Problem requirements
Repeat, exactly as they appear, the lines from the one with "15 шт. 3 стильных" through the last line of the entries below, but none of the pictures.

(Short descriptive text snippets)
______________________________
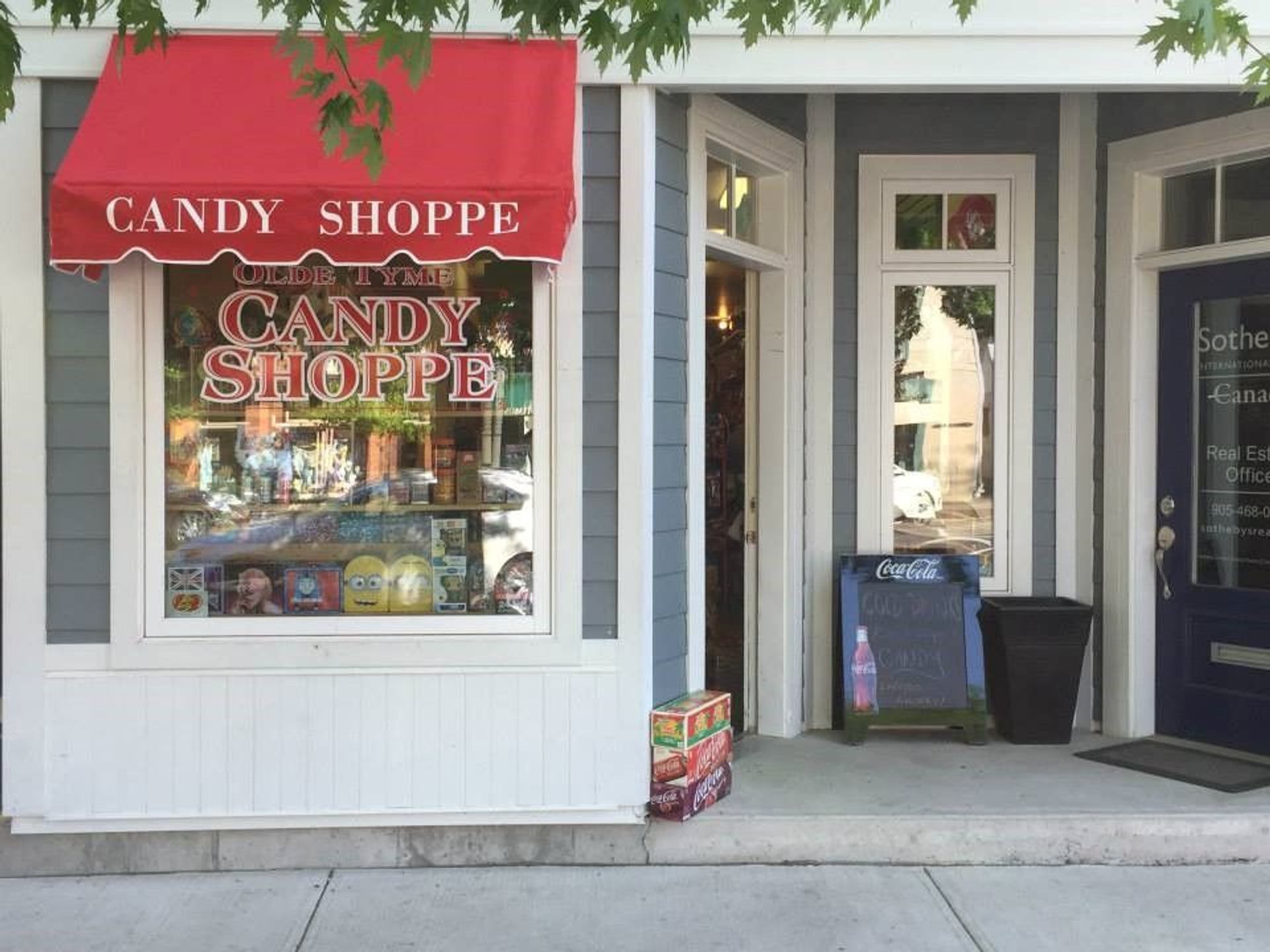 Exterior of Olde Tyme Candy Shoppe building in Canmore.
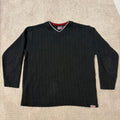 Vintage Y2K Quiksilver Textured Knit V-Neck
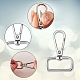 15 шт. 3 стильных железных кольца d FIND-SZ0002-18-2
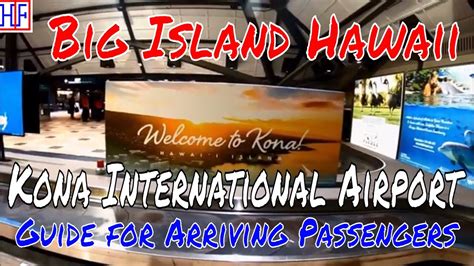 Big Island, Hawaii - Kona International Airport (KOA) - HipFig Travel ...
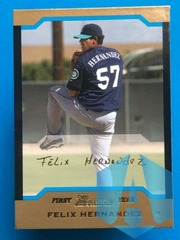 Felix Hernandez 2004 BOWMAN GOLD ROOKIE 1st Year #224 Seattle Mariners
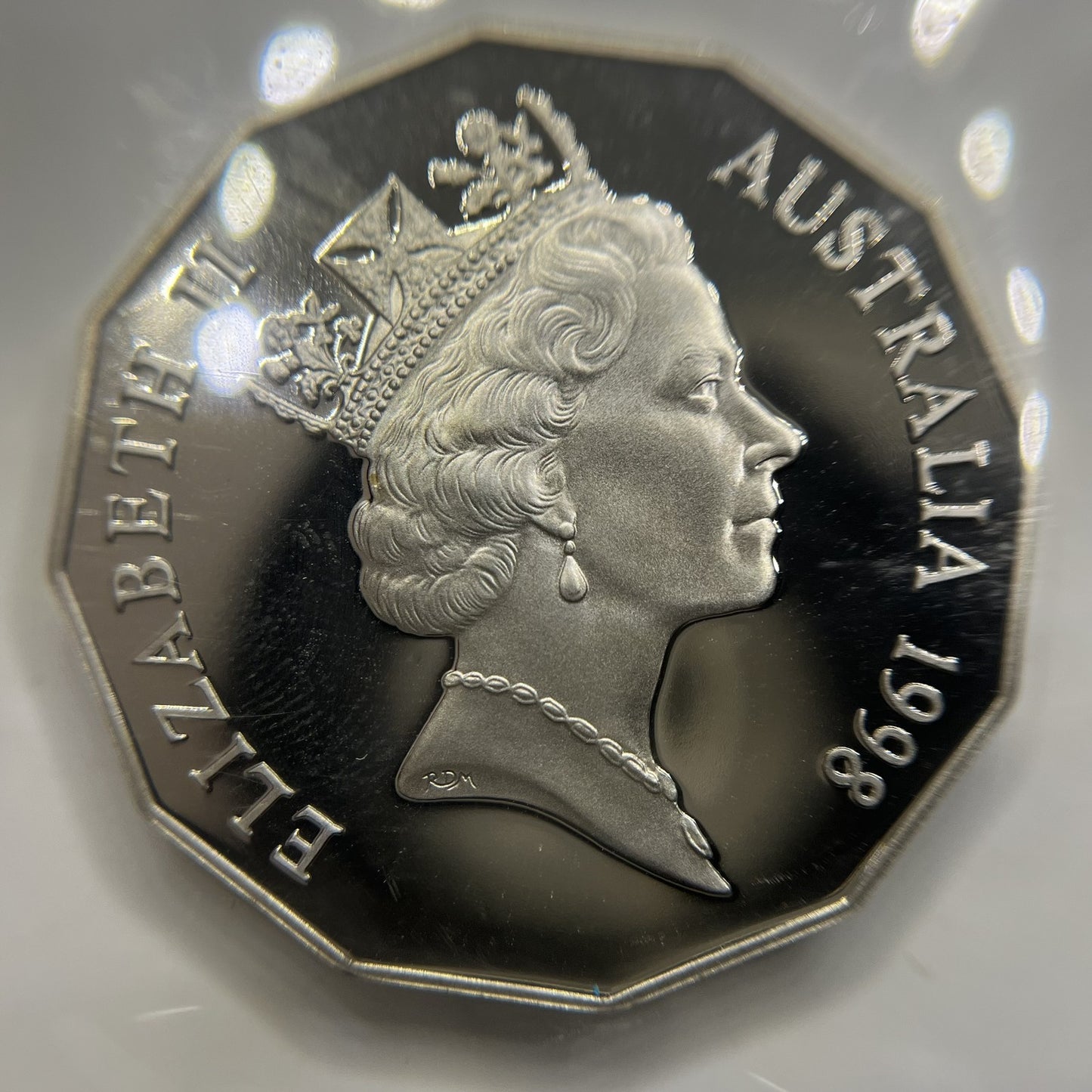 1998 Fifty 50 Cent Coin - Bass Strait - Scarce Elizabeth II Ex Proof Set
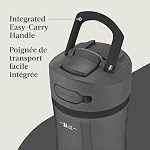 Contigo Ashland 2.0 Water Bottle with Straw and Leak-Proof Locking Lid, BPA-Free Plastic, Dishwasher Safe, Licorice, 24 oz (709 mL)
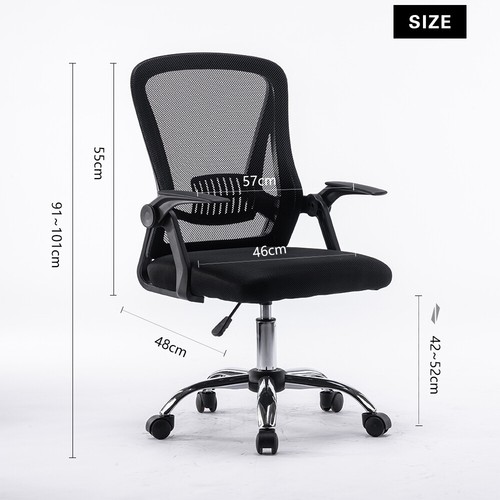 Mesh Back Home Office Chair with Armrest Swivel 5 Casters Computer Desk Chair - Picture 90 of 231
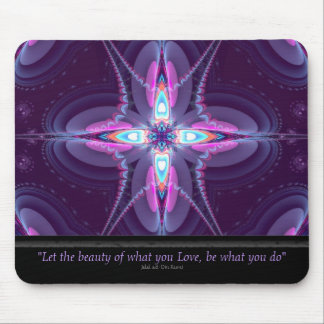 Rumi Wisdom : Fractal Art Mousepad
______________________________
Response
 15 шт. 3 стильных железных кольца d FIND-SZ0002-18-2
 Big Island, Hawaii - Kona International Airport (KOA) - HipFig Travel ...
 Felix Hernandez 2004 BOWMAN GOLD ROOKIE 1st Year #224 Seattle Mariners
 1998 Fifty 50 Cent Coin - Bass Strait - Scarce Elizabeth II Ex Proof Set
 Contigo Ashland 2.0 Water Bottle with Straw and Leak-Proof Locking Lid, BPA-Free Plastic, Dishwasher Safe, Licorice, 24 oz (709 mL)
 Mesh Back Home Office Chair with Armrest Swivel 5 Casters Computer Desk Chair - Picture 90 of 231
 Rumi Wisdom : Fractal Art Mousepad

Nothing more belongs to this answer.